Lo he dicho, las acaban de colgar en Filmin, y ningún cinéfilo debería perderse dos películas como Yo maté a mi madre y Los amores imaginarios. La primera es una aproximación, que el propio director considera semiautobiográfica, a su relación con su madre. Protagonizada por el propio Dolan, es una versión libérrima de Los 400 golpes en la que se cuenta algo tan sencillo como qué sucede cuando una persona extraordinaria tiene una madre de una mediocridad lacerante. No solo eso, también la complejidad de las relaciones entre padres e hijos, esa madre a la que el protagonista "no puede querer pero tampoco dejar de querer", una situación imposible que todo el mundo ha conocido alguna vez. Todo ello lo explica el director mediante unos diálogos vivaces y elocuentes en los que a veces se deja llevar por su facilidad para resultar ingenioso pero que deslumbran en casi todo momento por la aparente facilidad con la que parece captar esa encrucijada.
Retrato demoledor de la clase media que no evita un cierto sano esnobismo, Dolan se convierte a sí mismo en una reencarnación del adolescente airado con peinado a lo James Dean para llegar a una conclusión demoledora y poco transitada por el cine, hay gente que no ha nacido para tener hijos y nunca debería haberlos tenido. Esa madre que Dolan retrata con ternura y displicencia se convierte en el símbolo de una clase media occidental anestesiada por la televisión y la cultura basura a la que Dolan reprocha, de forma furiosa, su falta de implicación en el mundo real, su burdo consumismo, su estúpida incultura. Es una película furiosa, tremendamente emotiva, muy atenta como todo su cine a los detalles (Dolan también diseña el vestuario y lo hace muy bien) que acaba reflejando con pasmosa profundidad el callejón sin salida al que se ve abocado ese chico que no puede ni dejar de querer a su madre ni tampoco quererla.

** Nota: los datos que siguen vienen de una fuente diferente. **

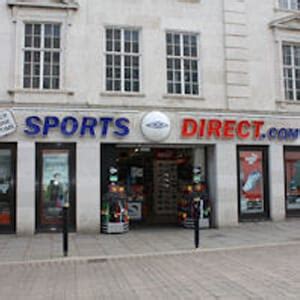 GAME Gloucester inside Sports Direct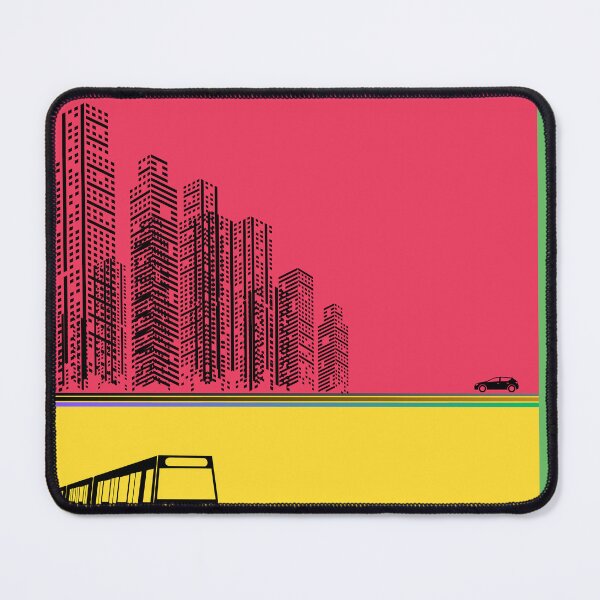 Item preview, A Day in the City designed and sold by greenart4027.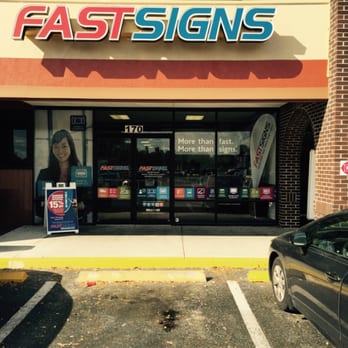 Fastsigns - New Look, Mar 2015 - Signmaking Near Me - Brandon, Florida Fastsigns - New Look, Mar 2015 - Signmaking Near Me - Brandon, Florida
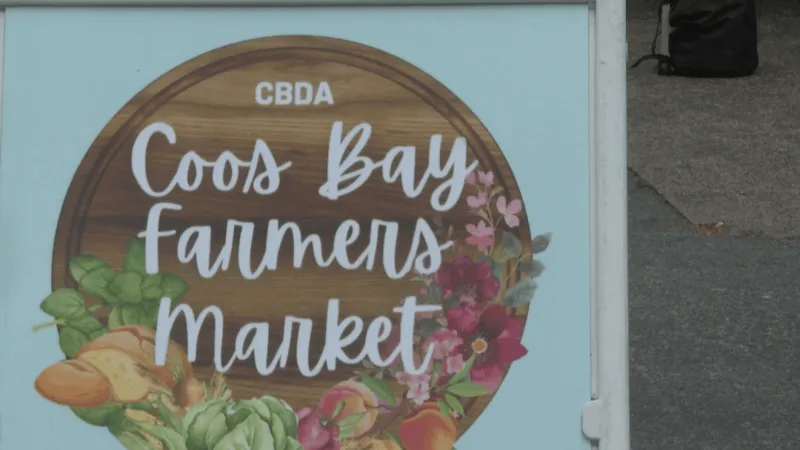 Coos Bay Farmers Market offers SNAP, WIC and other programs to expand food access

Los amores imaginarios nos traslada a un terreno más genuinamente francés. Dice Dolan que todas sus películas tratan sobre amores imposibles, la primera entre un hijo y su madre, la última entre un transexual y su novia y ésta que ahora comentamos entre una pareja de amigos y un atractivo y misterioso joven que enamora a ambos. El director explora en esta ocasión directamente ese sentimiento de pérdida y desamor, la tragedia que supone siempre amar y no ser correspondido. Él mismo interpreta a un homosexual sensible y cultivado y su composición del personaje femenino, esa chica no especialmente guapa pero tampoco fea, culta y sofisticada, que va vestida de forma vintage y abundante en Malasaña, es memorable. El seductor, un manipulador nato que esconde detrás de su aparente ingenuidad probablemente una insufrible banalidad, es otro de los grandes personajes del director que termina la película con un giro irónico en el que además de evitar la moraleja facilona se muestra una vez más como un socarrón a la altura de Fassbinder.